Being Teased By Peers Has A Major Impact On Girls' Body Satisfaction
SAN FRANCISCO - New research suggests that girls as young as ten years old who are teased or socially victimized by peers relate such experiences to their own body image. This finding, based on an examination of the relationship between teasing and body image satisfaction in sixth grade girls, indicates that worries about body image develop in girls at an age younger than detected in previous research.
This finding, which will be presented the 106th Annual Convention of the American Psychological Association (APA), August 14 - 18 in San Francisco, is based on research conducted by L. Kris Gowen, Ph.D., of the Stanford Center on Adolescence. Dr. Gowen found that girls who are socially victimized overtly (being hit by a peer), relationally (being isolated or neglected), or through a lack of prosocial treatment (not being the recipient of kind acts by peers) have lower body satisfaction, regardless of their actual weight and pubertal status. On the other hand, being the recipient of prosocial treatment was associated with higher body satisfaction. The age range of the 157 San Francisco Bay Area sixth graders was ten to thirteen years (mean age was 11.5), and the ethnic distribution was 33 percent Caucasian, 23 percent Hispanic, 16 percent Asian, 13 percent Pacific Islander, and 15 percent Other (which included African-American and Native American).
Dr. Gowen believes that this strong relationship between teasing and body image concerns among young adolescent girls is a developmental issue, since they are going through puberty, and a great deal of attention is focused on their bodies. "Ten to thirteen-year-old girls who are picked on may question what is wrong with themselves, and accordingly they tend to believe that if they were prettier or skinnier, their peers would not tease them," Dr. Gowen says.

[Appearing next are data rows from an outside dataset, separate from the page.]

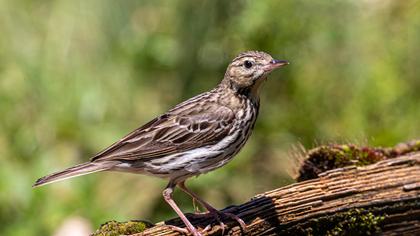 Tree Pipit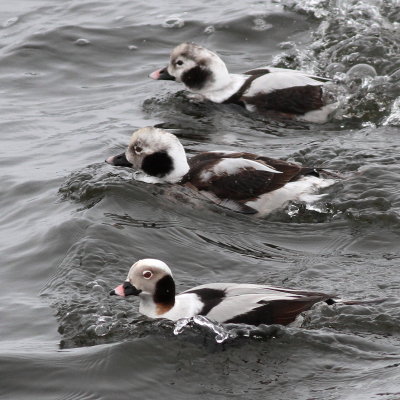 Long-tailed Ducks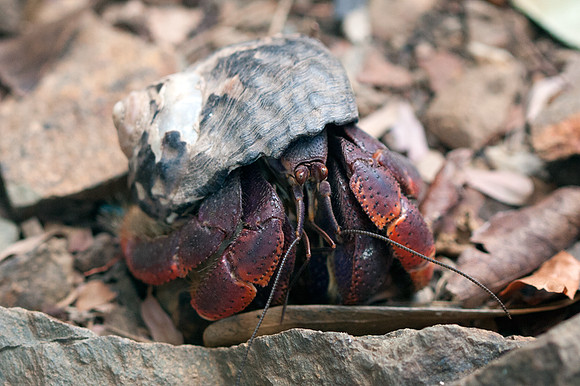 Caribbean hermit crab (Coenobita clypeatus)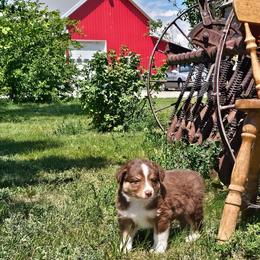 Aragorn - Red tri-color male Australian Shepherd puppy in Powell, Wyoming from Waterworth Australian Shepherds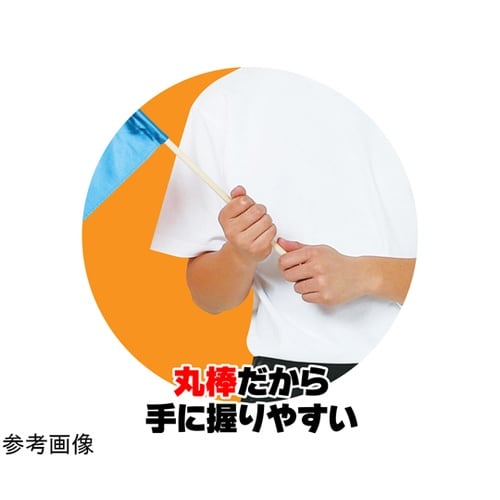 �T�e������@�ӂP�Q����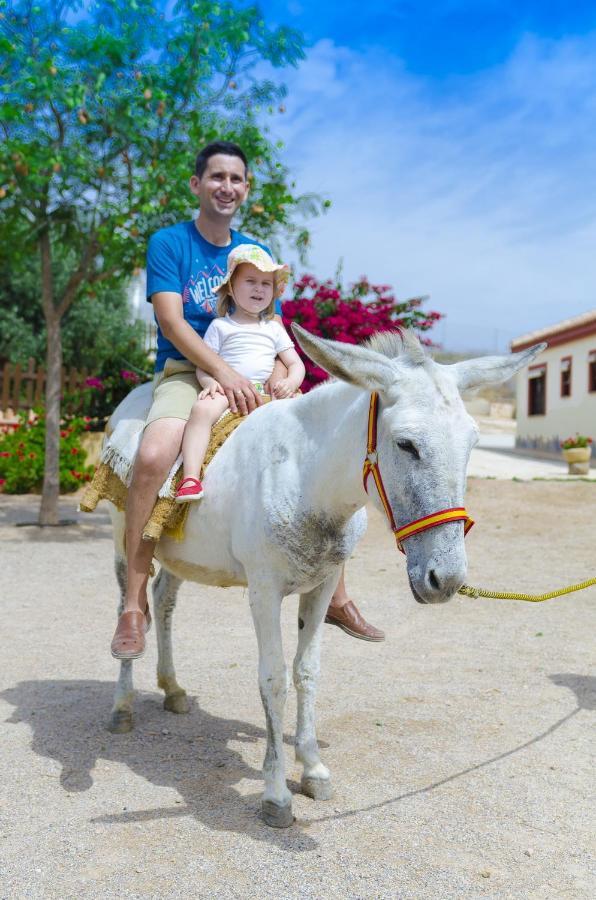 בית הארחה Fuente Alamo  	Finca Liarte מראה חיצוני תמונה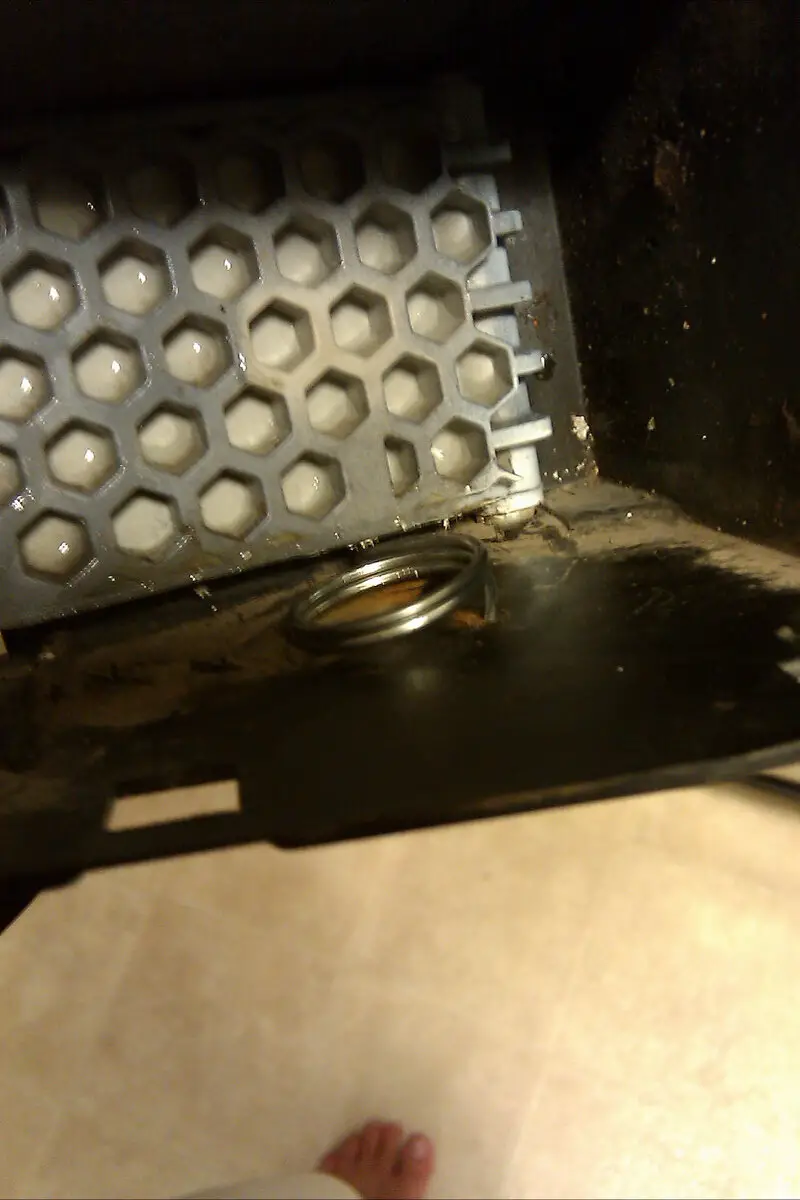 IMAG0096.jpg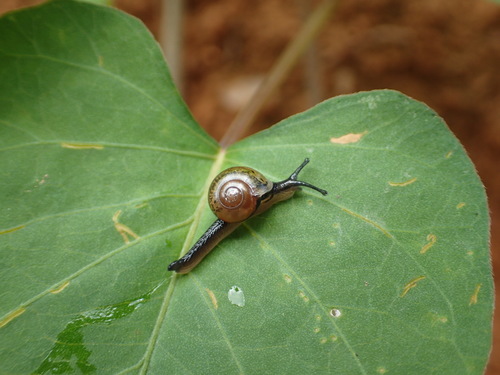 Jumping Snail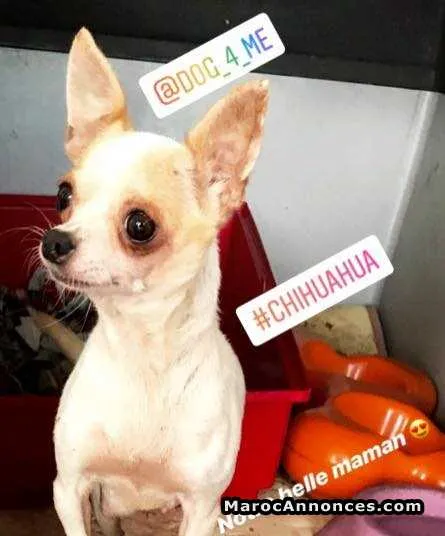 Chihuahua chiot - الجديدة (2)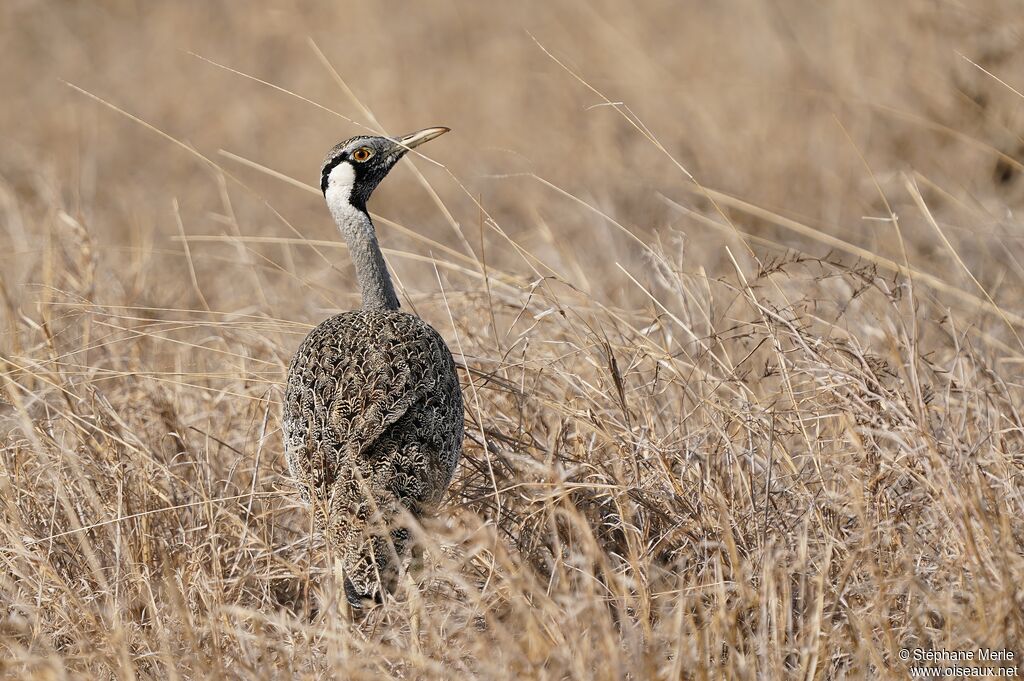 Hartlaub's Bustard male adult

Studies have shown that social victimization is related to loneliness, depression, social anxiety, and social avoidance among boys and girls, and teasing has been shown to cause anger and sadness. Dr. Gowen thus suggests that poor body image and low self-esteem are related to teasing in young girls. Since body image is such an important issue for young girls across all ethnicities, Dr. Gowen suggests that schools need to address this issue and foster dialogue among young adolescents about body image and the ill effects of teasing.
Presentation: "Social Victimization, Teasing, and Weight Concerns in Young Adolescents" by L. Kris Gowen, Ph.D., Stanford Center on Adolescence, Session 4151, 11:00 AM, August 17, 1998, Moscone Center - South Building, Room 222.